Your copy runs from the line containing "Aparador c/ pernas" through the last line of the listing, both included. Restate those lines word for word and leave out pictures.

#### MATERIAL PROVIDED:
━━━━━━━━━━

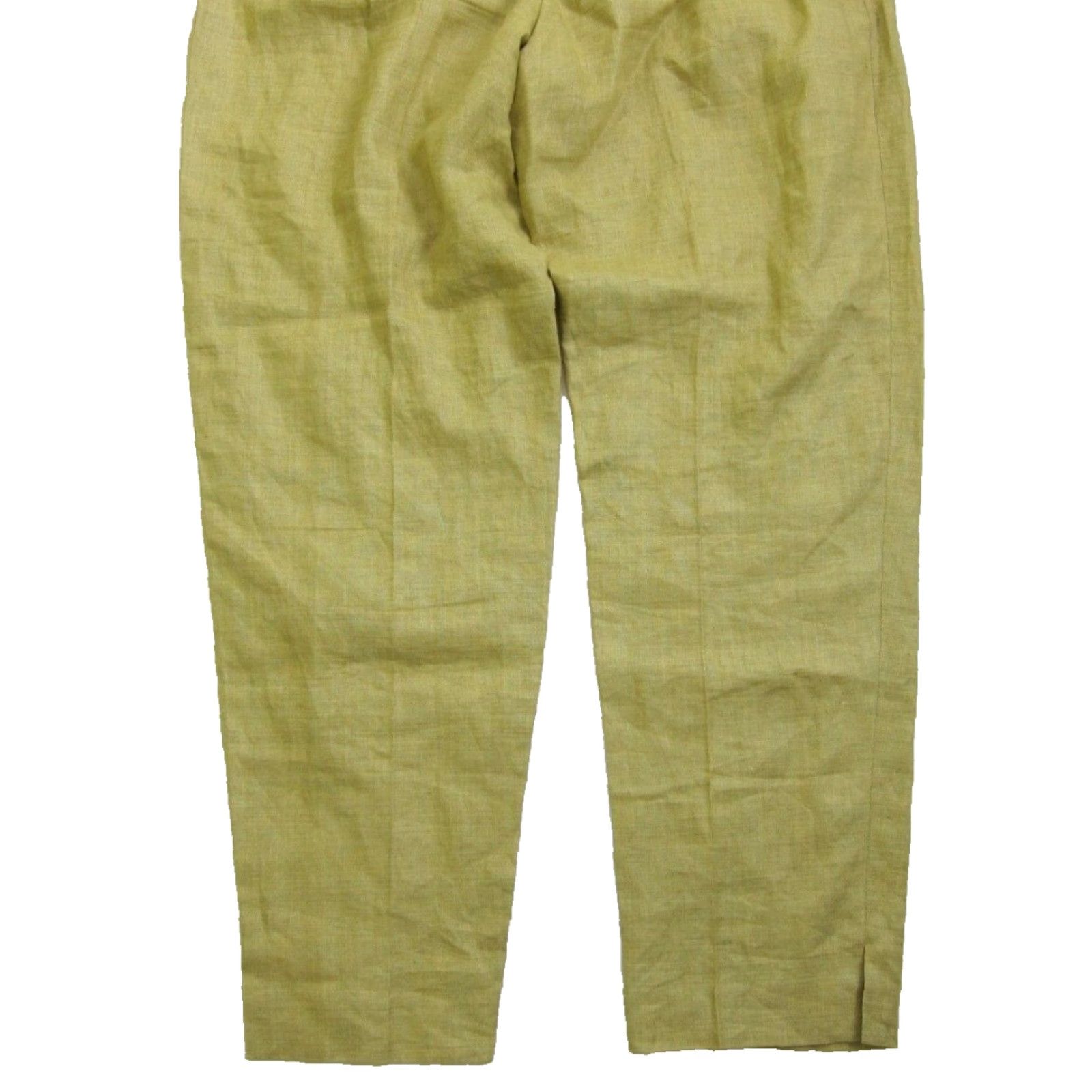 Ellen Tracy Ellen Tracy Women 100% Linen Yellow Pocket High Rise Pleat Pant Shirt? Size 32" / US 10 / IT 46 - 6 Thumbnail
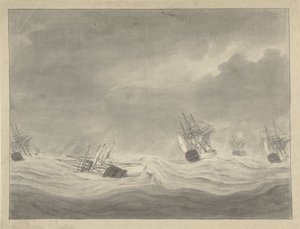 Le naufrage du navire De Unie sous le capitaine Comte de Welderen en mer du Nord, 19 octobre 1782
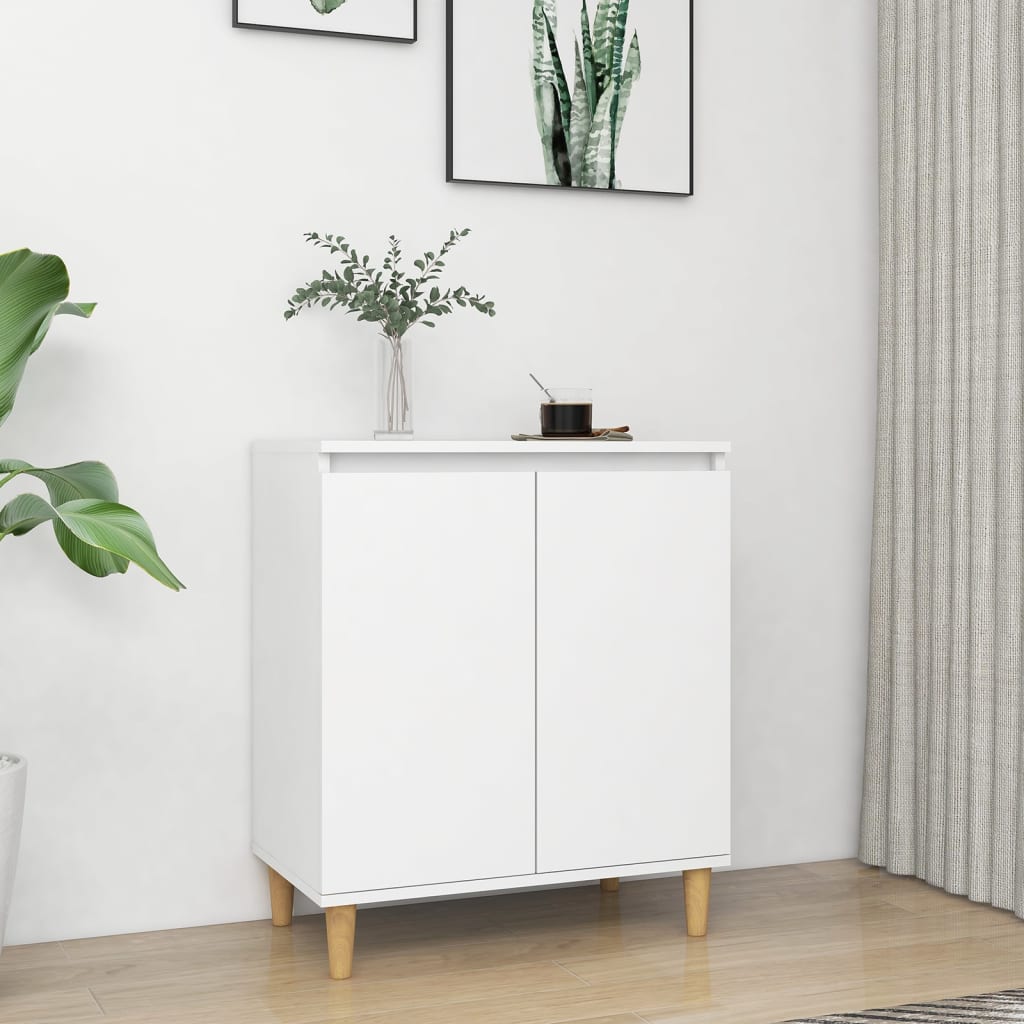 Aparador c/ pernas de madeira 60x35x70 cm contraplacado branco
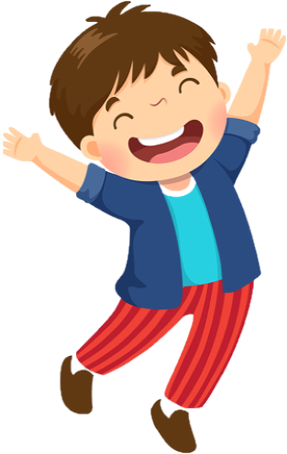 A boy is jumping in the air with his arms outstretched.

━━━━━━━━━━

#### RESPONSE:
 Aparador c/ pernas de madeira 60x35x70 cm contraplacado branco
 A boy is jumping in the air with his arms outstretched.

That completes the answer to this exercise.